An announcement from Sarah Davis

On January 4, my dad recited a stanza from this hymn from the late Richard Baxter (1615-1691):

“Lord, it belongs not to my care
Whether I die or live;
To love and serve Thee is my share,
And this Thy grace must give.

If life be long, I will be glad,
That I may long obey;
If short, yet why should I be sad
To welcome endless day?

Christ leads me through no darker rooms
Than He went through before;
He that unto God’s kingdom comes
Must enter by this door.

Come Lord, when grace hath made me meet
Thy blessed face to see;
For if Thy work on earth be sweet
What will thy glory be!

Then I shall end my sad complaints
And weary sinful days,
And join with the triumphant saints
That sing my Savior’s praise.

My knowledge of that life is small,
The eye of faith is dim;
But ‘tis enough that Christ knows all,
And I shall be with Him.”

None of us could have imagined just two months after reciting that last stanza that my dad would learn he had cancer and he would experience the realization of this more than 300-year-old hymn so soon. Today we affirm, as my dad recited and Baxter penned, “But ‘tis enough that Christ knows all, and I shall be with Him.” My dad, at 74, has “join[ed] with the triumphant saints that sing [his] Savior’s praise.” We who knew and loved him celebrate his life, and more importantly, his Savior.

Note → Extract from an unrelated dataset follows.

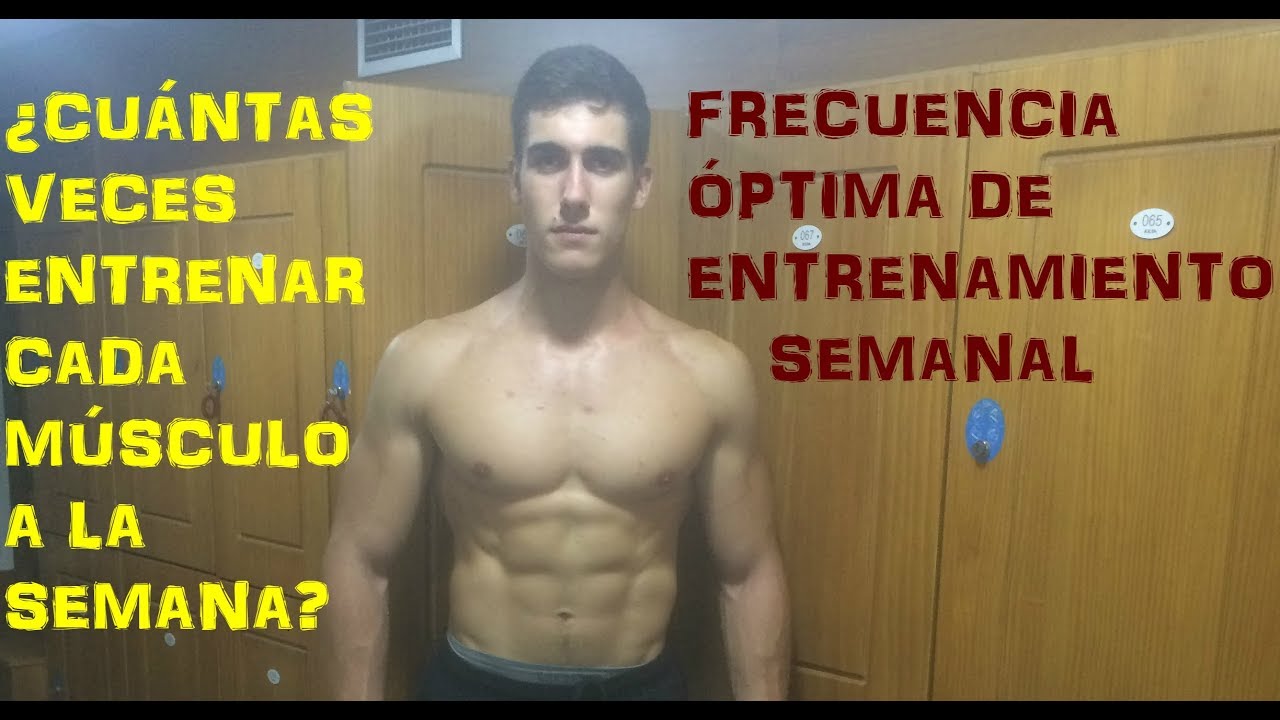 Rutina un musculo por dia volumen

It was his Savior, Jesus Christ, that my dad always wanted most to talk about. Even in his final days, until he lacked the energy and breath to speak, he turned every conversation to Jesus and what the Lord had done. He perpetually marveled that God took a seventeen-year-old skeptic, defeated in hopelessness and unbelief, and called him into a life of glorious hope and belief in the truth of Scripture—a message he would carry across the globe for 48 years.

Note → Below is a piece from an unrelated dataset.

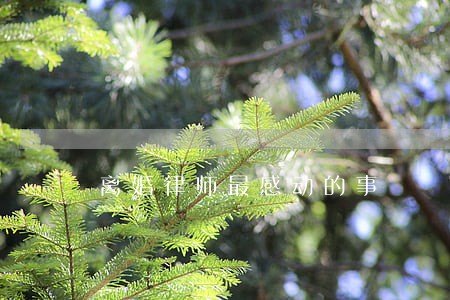 离婚律师最感动的事 离婚律师最感动的事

His thoughts and conversations in recent years and his final weeks were saturated with gratitude for this team of evangelists, apologists, and staff that he called family: RZIM—Ravi Zacharias International Ministries. He spoke of our evangelists’ tender hearts and their love for people. Some have said my dad blazed a trail when he began commending the Christian faith and addressing life’s great questions of meaning nearly five decades ago. As one friend dear to him remarked, he has also paved that path, desiring that his teammates around the world would continue so untold millions might know the same Jesus he faithfully served—the one he now sees face-to-face.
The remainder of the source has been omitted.